Australian bonus tracks
| No. | Title | Writer(s) | Producer(s) | Length |
|---|---|---|---|---|
| 13. | "No One Else Comes Close" (Steve Antony's R'n'B Mix) | Thomas; Gary Baker; Wayne Perry; | Thomas; Nicholas; Steve Antony^{[a]}; | 4:44 |
| 14. | "Don't Wanna Be a Player" (Joe/Big Baby Remix) | Thomas; Tejeda; Skinner; Williams; Jerkins; | Joe; Jerkins; Darryl "Big Baby" McClary^{[a]}; | 5:10 |
| 15. | "Good Girls" (TLAC Remix) | Thomas; Thompson; Williams; | Joe; Thompson; Tosh^{[a]}; | 5:02 |
| 16. | "The Love Scene" (Henry St.
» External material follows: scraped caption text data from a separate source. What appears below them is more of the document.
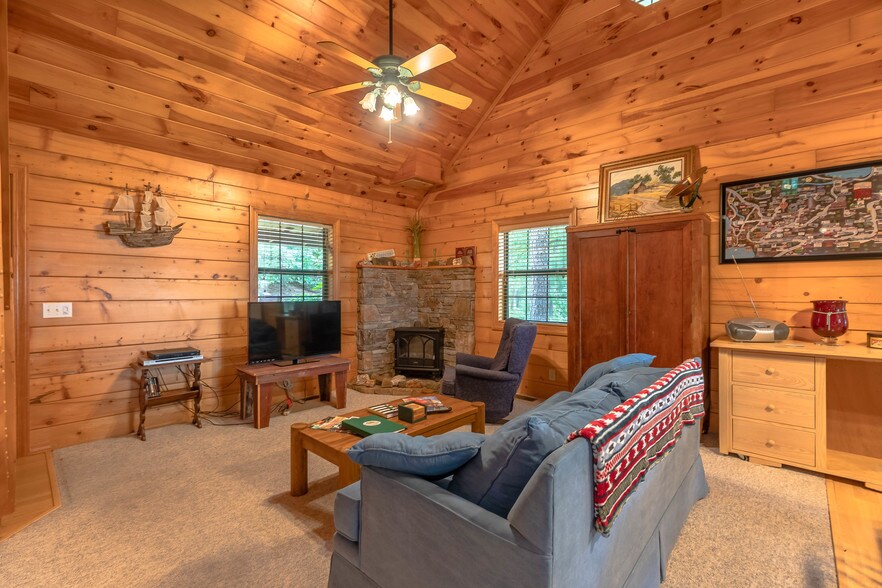 More Photos Of 15695 Highway 187, Eureka Springs Hotel For Sale
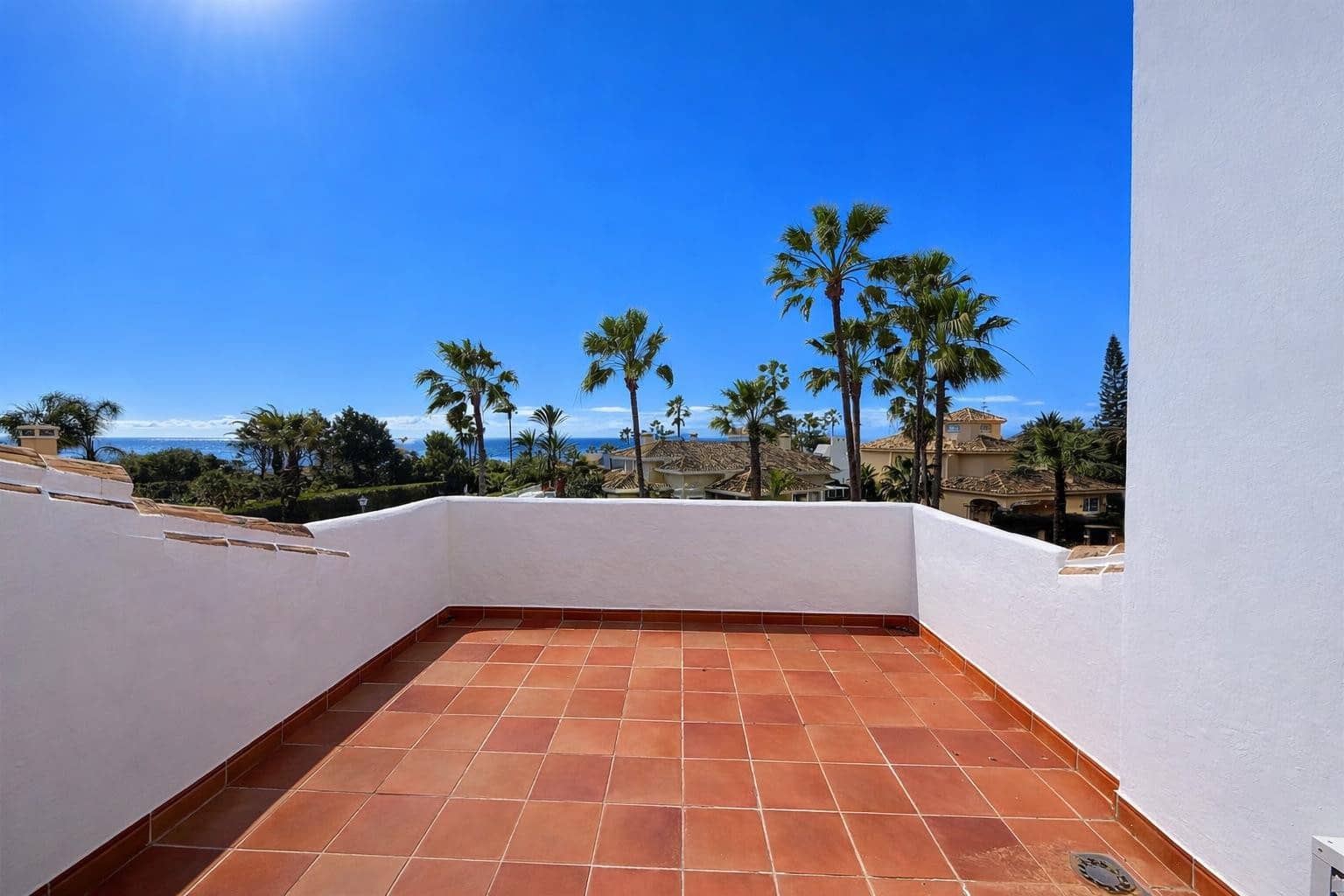 6 quarto Moradia para venda em Marbella com piscina garagem - 2 680 000 € (Ref: 9666186)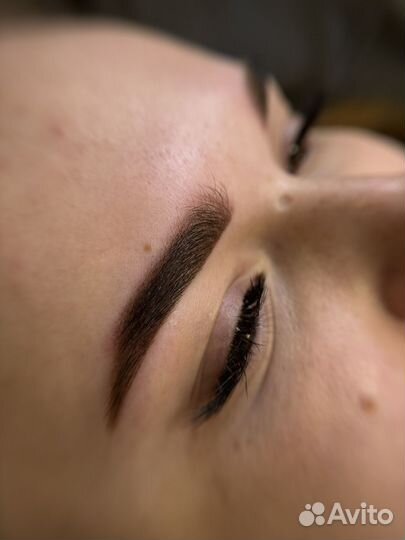 Модель на перманент бровей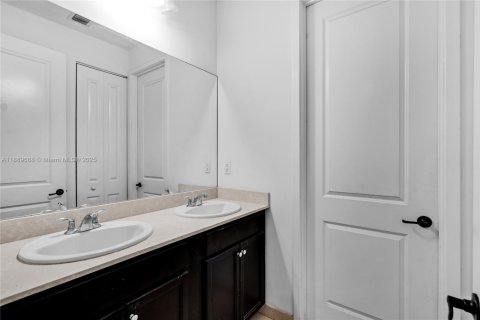 Villa ou maison à vendre à Hialeah, Floride: 3 chambres, 212.84 m2 № 1938933 - photo 17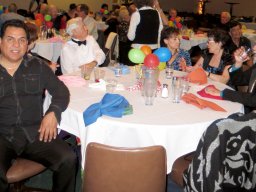 mike_fling_052612_0017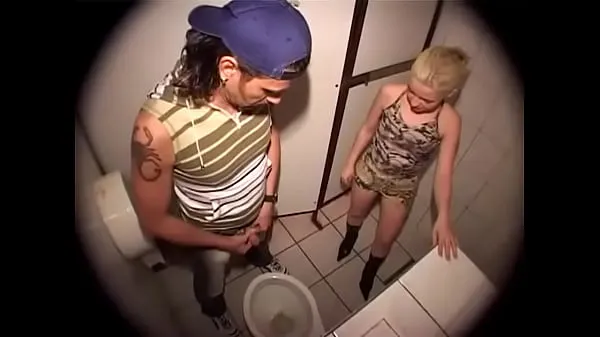 Посмотреть всего видео: Немецкая извращенная блондинка в своем любимом туалете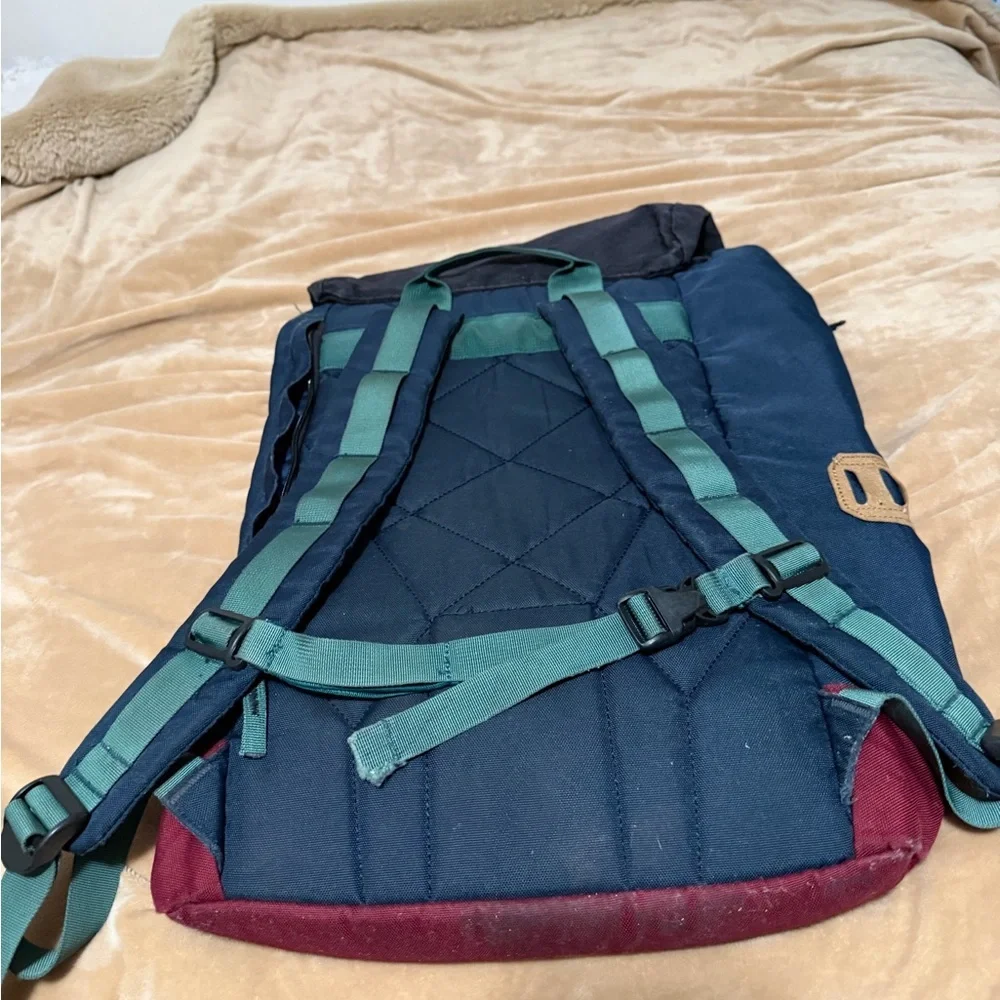 Burton Tinder 30L Outdoor Colorblock Roll-Top Backpack in Navy and Burgundy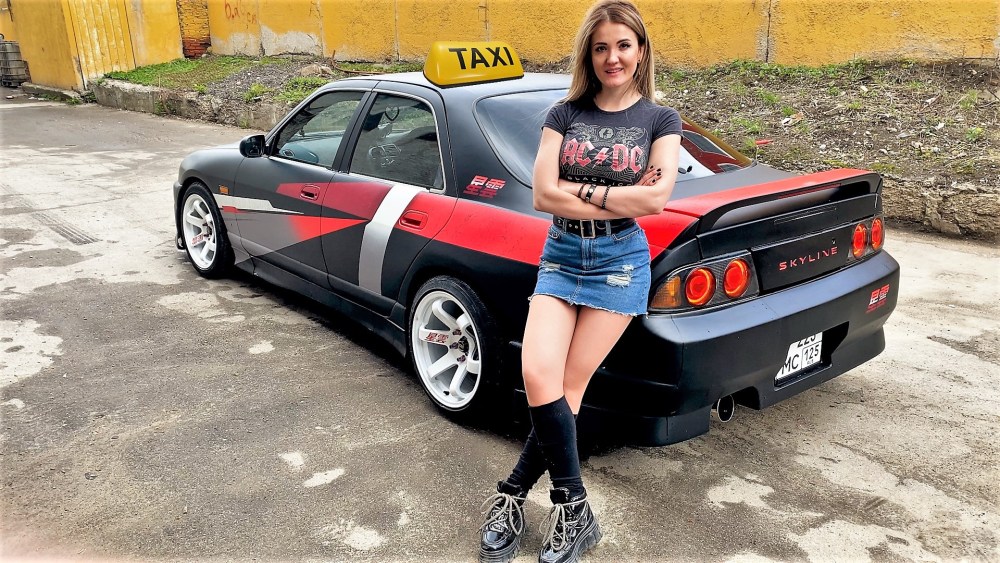 Девушки в купальниках сзади частное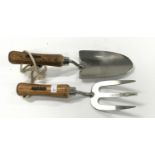 Stainless hand trowel and fork. (ref.27)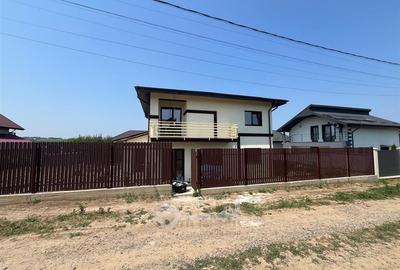 Casă individuală cu 3 camere cu Canalizare în Bucium - 1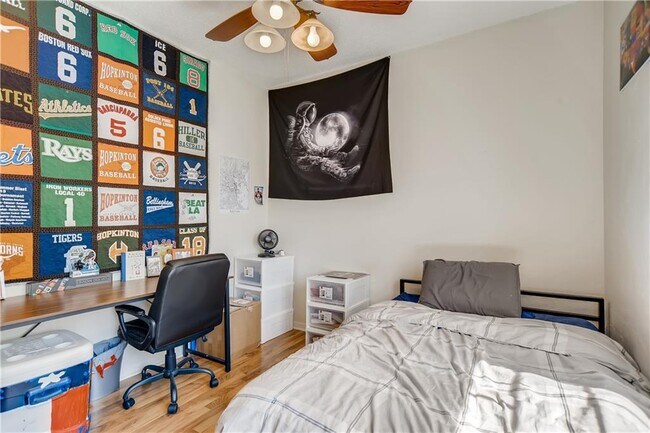 Building Photo - 711 W 21st St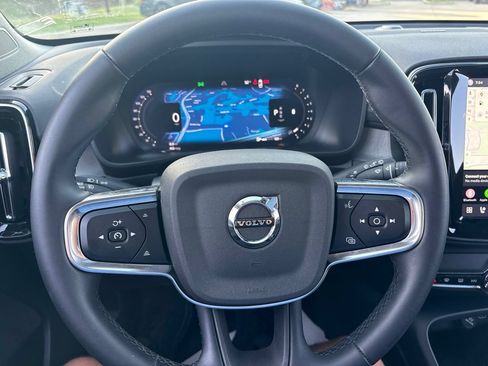 Used 2024 Volvo XC40 B5 Plus w/ Protection Package Premier AWD/4WD image 25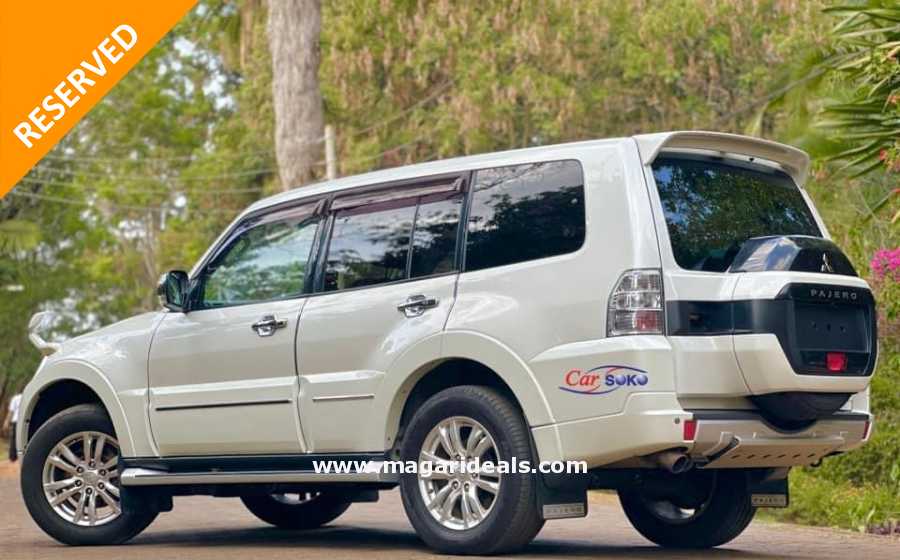 MITSUBISHI PAJERO DI-D SUPER EXCEED with SUNROOF  for Sale in Kenya | Magari Deals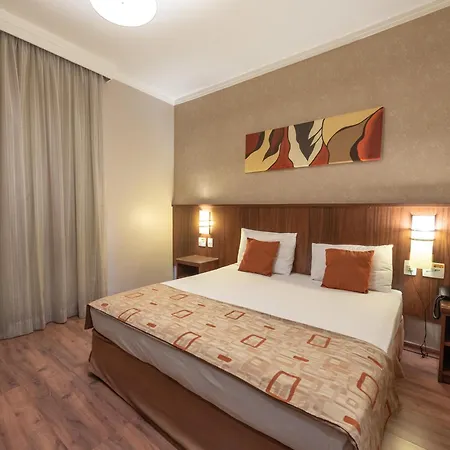 Class Hotel Varginha-3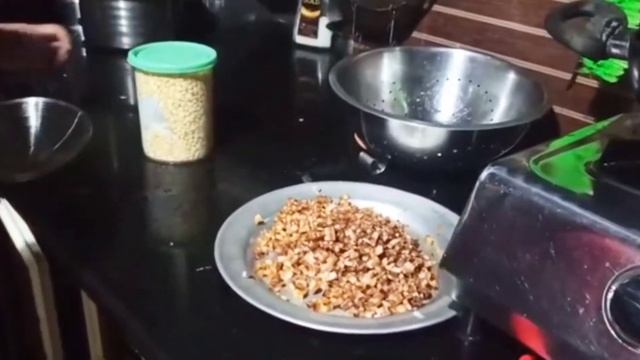 പ്രവാസി ഉപ്പാക്ക് മക്കളുടെ വക സ്പെഷ്യൽ വിഭവം kitchen special ❤️ смотреть онлайн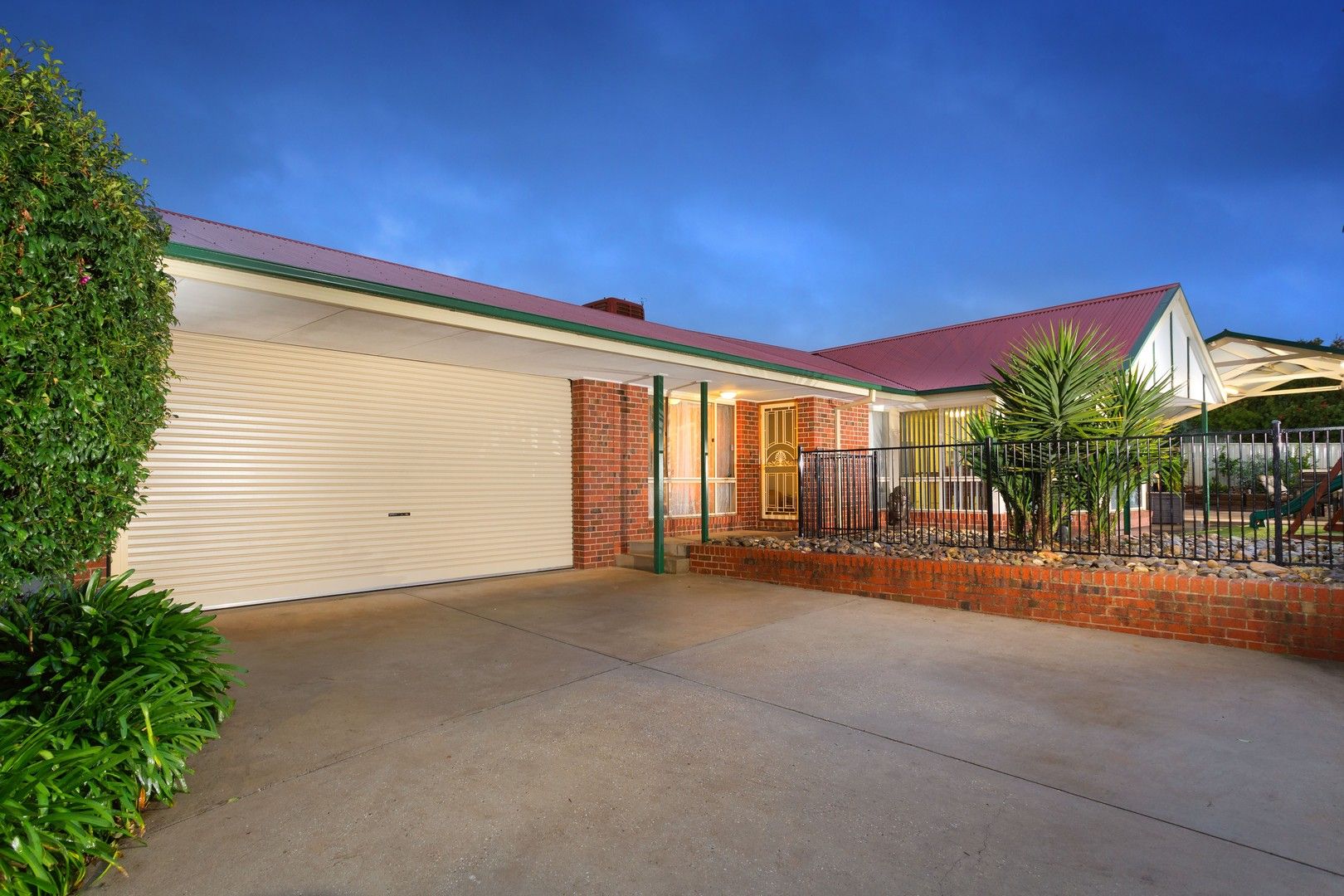 4 bedrooms House in 16 TEAL COURT WODONGA VIC, 3690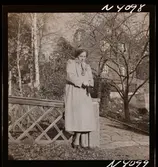 1708 N Mölnlycke väverier, mode; Stadshusträdgården, Stockholm; Mode för Mölnlycke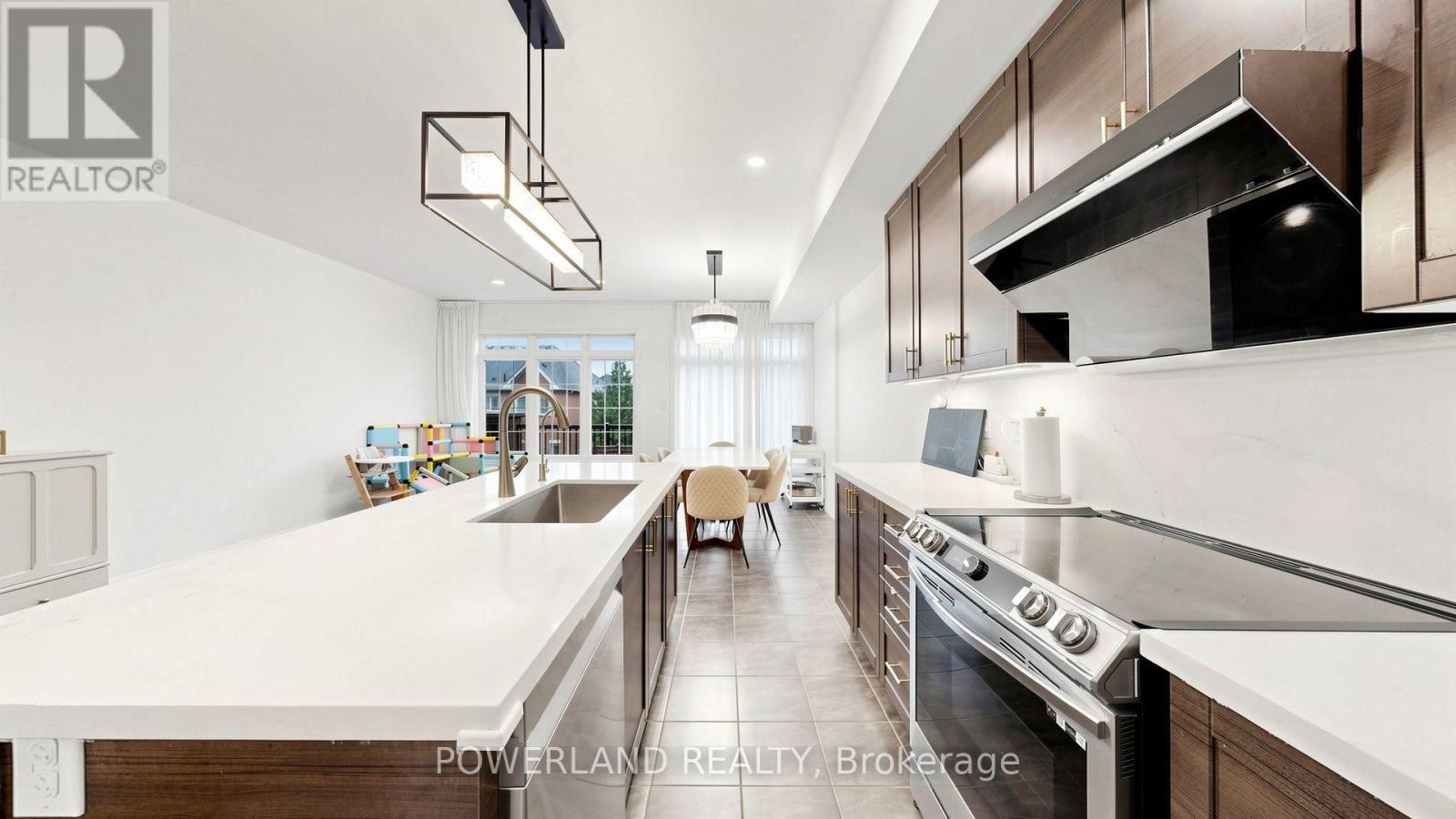 259 DUNDAS WAY - 5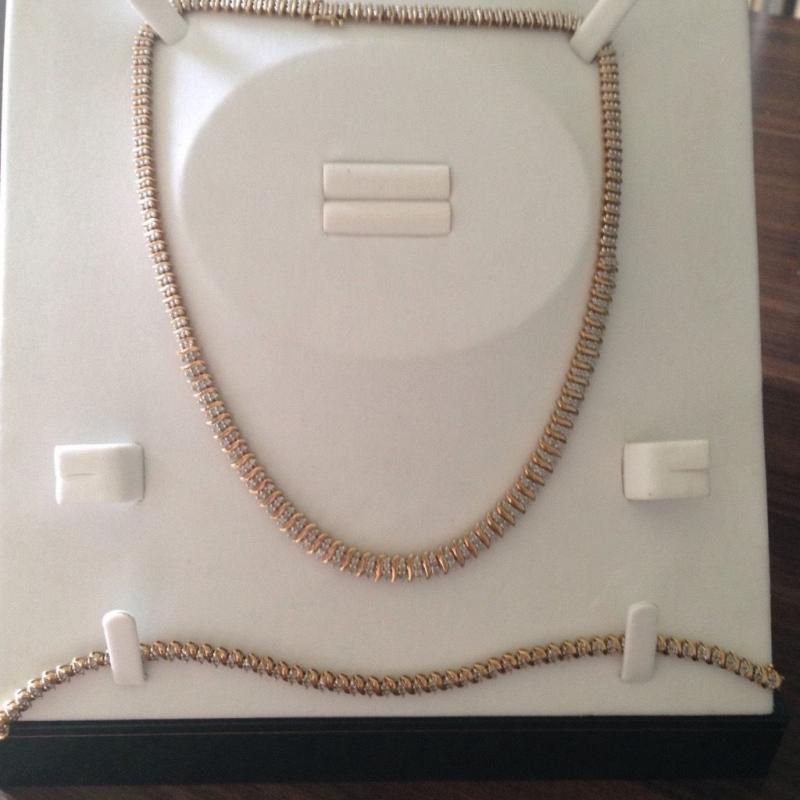 9CT GOLD DIAMOND NECKLACE AND BRACELET SET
Remix) | Thomas; Skinner; Williams; | Joe; Nicholas; Henry Street^{[a]}; | 7:40 |

==Charts==

===Weekly charts===

Weekly chart performance for All That I Am
| Chart (1997) | Peak position |
|---|---|
| Australian Albums (ARIA) | 115 |
| Dutch Albums (Album Top 100) | 29 |
| Swedish Albums (Sverigetopplistan) | 52 |
| UK Albums (Official Charts) | 26 |
| UK Independent Albums (Official Charts) | 15 |
| UK R&B Albums (Official Charts) | 4 |
| US Billboard 200 | 13 |
| US Top R&B/Hip-Hop Albums (Billboard) | 4 |

=== Year-end charts ===

Year-end chart performance for All That I Am
| Chart (1997) | Position |
|---|---|
| US Billboard 200 | 153 |
| US Top R&B/Hip-Hop Albums (Billboard) | 40 |

==Certifications==

Certifications and sales for All That I Am
| Region | Certification | Certified units/sales |
| United Kingdom (BPI) | Silver | 60,000^{^} |
| United States (RIAA) | Platinum | 1,200,000 |
^{^} Shipments figures based on certification alone.